Academic standards refers to the level of achievement a student has to reach in order to achieve a particular award or qualification.   

Quality of learning opportunities considers the effectiveness of everything that is done or provided by the college to ensure that its students have the best possible opportunity to meet the stated outcomes of their programmes and the academic standards of the awards they are seeking.

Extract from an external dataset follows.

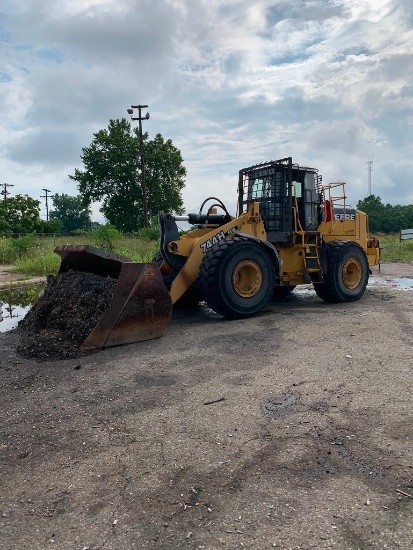 John Deere 744H Articulated Wheel Loader w/ 11'-10" JRB Bucket (Needs timing ring gear)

Public information  is information about academic programmes, academic standards and quality of learning opportunities which is in the public domain, whether in print or electronic form.

 

The process goes live nationally in Spring 2009, but you can read the QAA/HEFCE report on the pilot studies here: http://www.qaa.ac.uk/reviews/iqer/default.asp 

 

 

There will be many ways in which Technology can expedite the process, and this is something I am currently actively exploring with JISC and other agencies, so expect HE in FE Events and Forums this year to have some focus on these aspects of IQER.  There is existing evidence of good practice devloping-Colchester Institute, for instance, have trialed innovative ways of using a CMS (Content Management System) to capture data for the review.  They engaged  staff to think holistically, to want to adapt their practice to a “quality” driven model. When hearts and minds were won, they then deployed Microsoft Sharepoint CMS to manage the cross reference of links to supporting documentation. Essentially the CMS enabled a huge institutional scale mapping exercise to take place, where organisational evidence was mapped against IQER requirements. It exemplified the best approach to implementing any sort of large IT system (including a VLE); Rethink, map, and refine business practice and then find the technology that will improve efficiency for your local culture. This report in the HE in FE ethos mentions Colchester and their approach to the IQER system.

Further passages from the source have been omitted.